La Syrie, cimetière des acteurs de l’information
En 2012, au moins 17 journalistes, 44 citoyens-journalistes et 4 collaborateurs des médias ont été tués
En Syrie, la répression sanglante menée par Bashar Al-Assad s’est abattue sur les acteurs de l’information, témoins gênants d’exactions commises par un régime aux abois. Parallèlement, des journalistes ont été pris à partie par certains groupes armés opposés au régime, de plus en plus intolérants face aux critiques et prompts à cataloguer comme espions les professionnels de l’information qui ne relaient pas leurs thèses. La polarisation de l’information, la propagande et les tentatives de manipulation, la violence extrême à laquelle les journalistes et citoyens-journalistes sont confrontés, les contraintes techniques rencontrées, font de l’activité de collecte et de diffusion d’informations un véritable sacerdoce dans ce pays.
Une année noire pour la Somalie
18 journalistes tués en 2012 dans ce pays de la corne de l’Afrique
En 2012, deux fois plus de journalistes ont perdu la vie en Somalie qu’au cours de l’année 2009, jusqu’alors l’année la plus meurtrière pour le pays.
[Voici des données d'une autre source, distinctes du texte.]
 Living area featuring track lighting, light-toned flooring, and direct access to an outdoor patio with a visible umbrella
La seconde quinzaine du mois de septembre a été particulièrement sanglante, avec sept journalistes tués, dont deux en moins de 24 heures, un ayant été décapité et l’autre abattu. Les modalités « classiques » ? Assassinats ciblés et attentats à la bombe. Les journalistes sont victimes des milices armées, les shebab, mais aussi des administrations locales qui tentent de réduire les médias au silence. Les journalistes somaliens travaillent dans des conditions effroyables, dans la capitale Mogadiscio comme dans le reste du pays. L’absence de gouvernement stable depuis plus de 20 ans, dans cet Etat failli où la violence est enracinée et l’impunité la règle, alimente ce décompte macabre.
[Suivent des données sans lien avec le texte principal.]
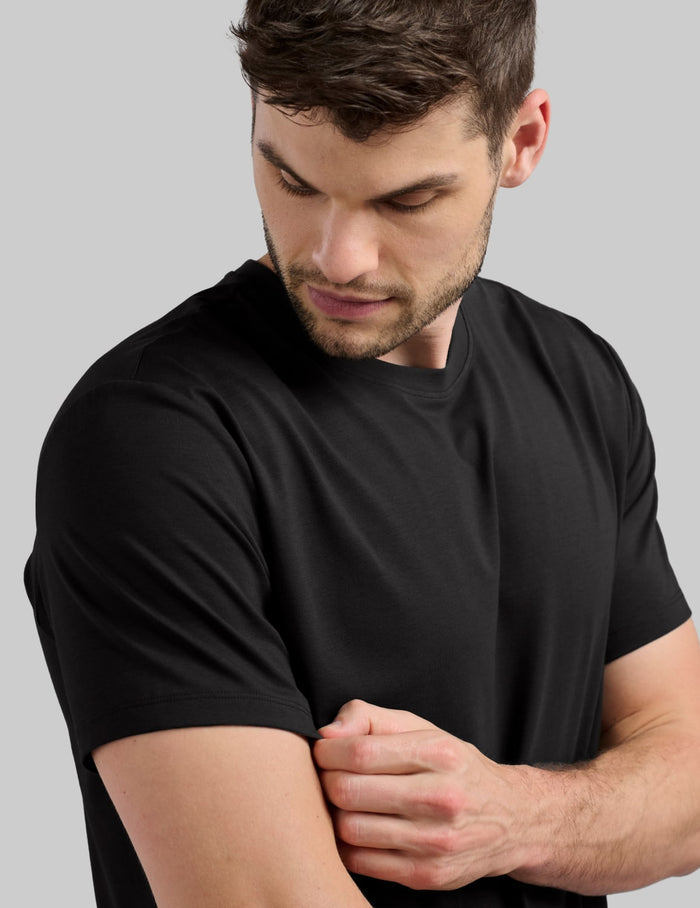 | Front view of model wearing the Men's Relaxed Fit Best Damn Tee highlighting the coverage and fit | Black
Pakistan, un journaliste tué tous les mois
10 journalistes et un collaborateur des médias tués : entre la violence endémique au Baloutchistan et les représailles des taliban, un terrain miné pour les reporters
Pour la deuxième année consécutive, 10 morts sont recensés au Pakistan, soit pratiquement un mort chaque mois depuis février 2010. De 2009 à 2011, le pays a été le plus meurtrier pour la presse et le Baloutchistan demeure l’une des régions les plus dangereuses au monde. Avec ses zones tribales, sa frontière avec l’Afghanistan, ses tensions avec l’Inde, son histoire politique chaotique, le Pakistan est l’une des régions les plus compliquées à couvrir. Menaces terroristes, violences policières, pouvoir sans frein de potentats locaux, dangers inhérents aux conflits dans les zones tribales, autant d’écueils souvent mortels sur le chemin des journalistes.
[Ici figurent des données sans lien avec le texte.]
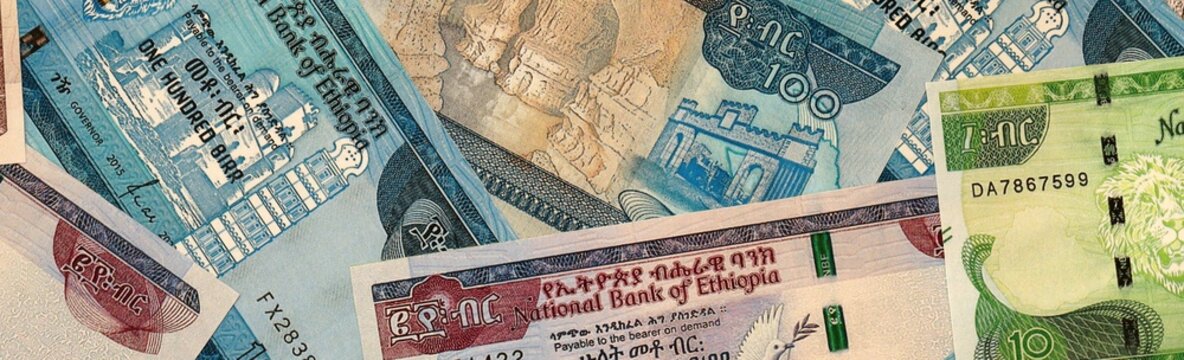 Ethiopian birr money bills in pile on table. Ethiopia ETB currency cash close up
Au Mexique, les journalistes dans la ligne de mire du crime organisé
6 journalistes tués
La violence – devenue exponentielle pendant six ans avec l’offensive fédérale contre les cartels – s’abat sur les journalistes osant s’emparer des thèmes du narcotrafic, de la corruption, des infiltrations mafieuses au sein des autorités locales ou fédérales, et des violations des droits de l’homme attribuées à ces mêmes pouvoirs.
Brésil : l’envers du décor
5 journalistes tués
Au Brésil, la main du narcotrafic à la frontière paraguayenne paraît directement à l’origine de deux des cinq assassinats recensés en lien direct avec la profession, les journalistes concernés ayant dénoncé l’emprise des cartels sur les secteurs politiques et économiques locaux. Deux autres tués sont des journalistes-blogueurs, en général très exposés dès qu’une autorité publique est mis en cause ou que des cas de corruption sont dénoncés.